# Splitter leaks hydraulic fluid from breather hole when towed



## fabsroman (May 11, 2016)

Pretty sure the tank isn't overfilled because the dipstick on the filler cap checks out and the breather hole isn't shooting hydraulic fluid out of it when I am operating the splitter. However, when I two it the hydraulic fluid is coming out of the breather hole as the fluid sloshes around in the tank.

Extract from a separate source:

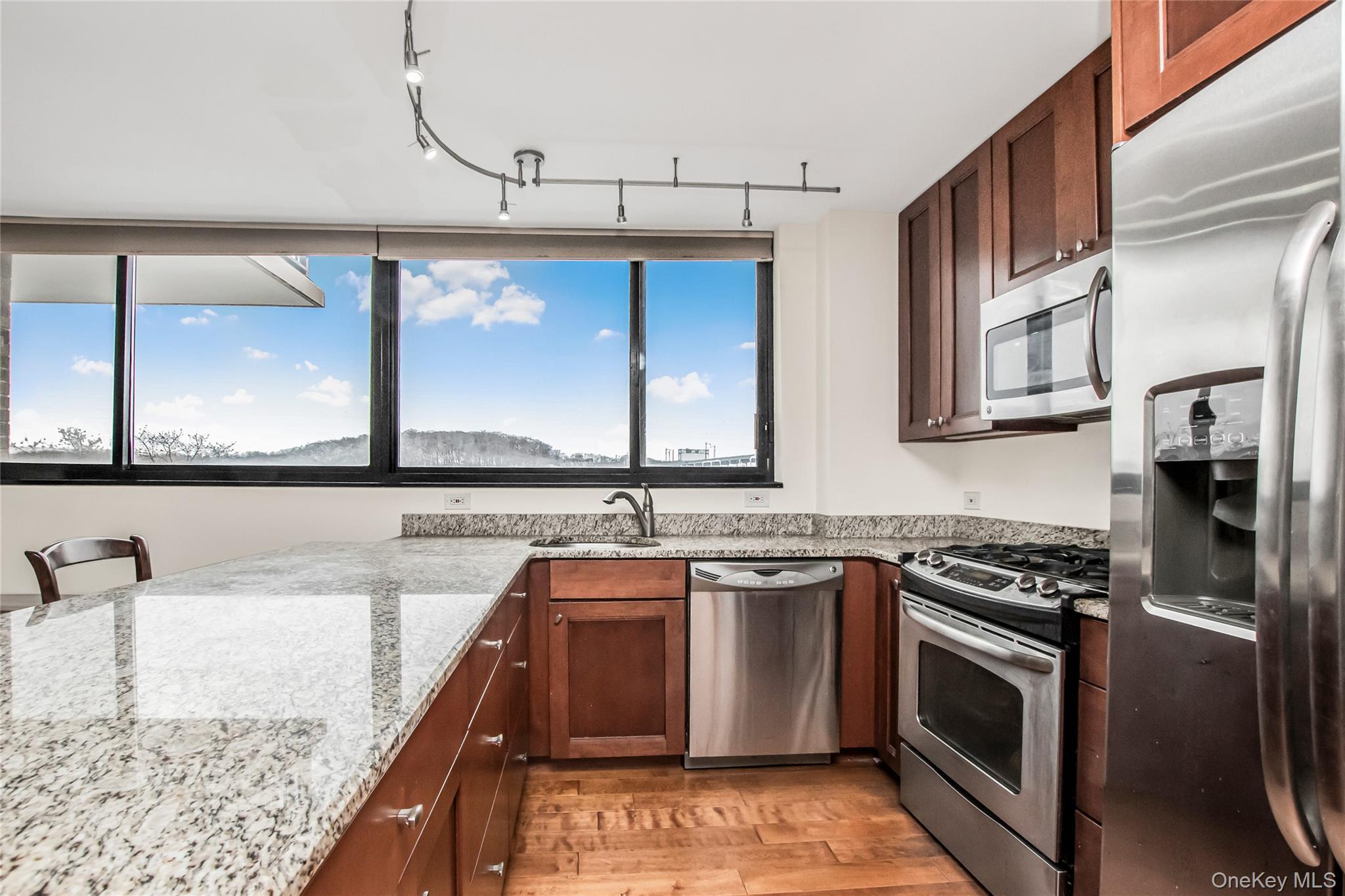 Condo Johnson Bronx, NY 10463, MLS-947088-6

Is there any way to prevent this from happening when I tow the splitter, or is this just par for the course and I have to live with the hydraulic fluid mess?

Thanks.


----------



## TreePointer (May 11, 2016)

A recent discussion may help:

Huskee 22 Ton Log Splitter Hydraulic Tank Plug Vent


----------



## Kevin* (May 11, 2016)

Sintered bronze breather is your friend or go fancy with a desiccant filter

Sent from my SAMSUNG-SM-G890A using Tapatalk


----------



## KenLockett (May 11, 2016)

Kevin, out of curiosity how does a sintered bronze breather work?  I found them online but not sure how to apply here.  Simply remove existing plug then insert the sintered bronze breather?  Is there something special about the filter element.  If the hydraulic oil is splashing around will the oil not also weep out of this breather or are you implying using the breather atop an extended nipple section?


----------



## Kevin* (May 11, 2016)

If it's coming out just by sloshing around that will do the trick. If it's coming out because when hooked up too your truck the fluid level allows it to flow out then it will still come out, but much much less.
The breather is made out of a matrix of bronze for lack of a better explanation. Lots of my customers have switched to that type over our standard spring loaded pop open type.

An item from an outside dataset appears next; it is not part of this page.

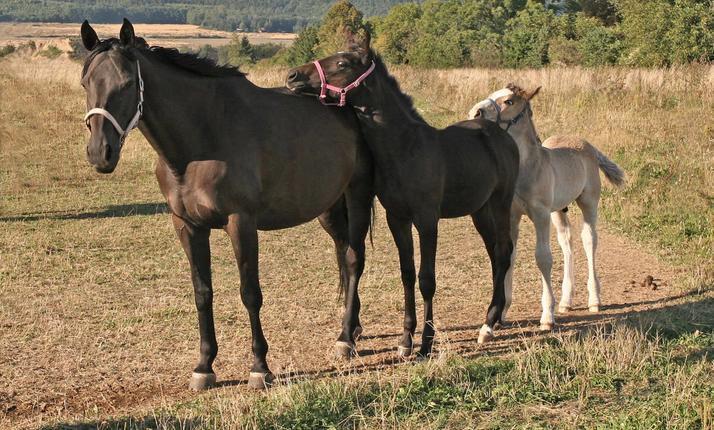 Vodění dětí na ponících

Sent from my SAMSUNG-SM-G890A using Tapatalk


----------



## fabsroman (May 12, 2016)

TreePointer said:


> A recent discussion may help:
> 
> Huskee 22 Ton Log Splitter Hydraulic Tank Plug Vent



Thanks. That other thread has the solution I came up with last night after posting this thread. I was wondering if it would be a good idea. Think I am going to go with a 6" piece of galvanized npt threaded pipe and a filtered breather instead of this piece of crap they provided me with. Other than a few quirks here and there, I am pretty happy with the splitter. Granted, I have only used it for 3 hours at this point.

_"If it is NPT thread, add a nipple and coupling to extend it up 4 to 6 inches, then add a proper filtered breather.
This has been recently discussed here for searching."_


----------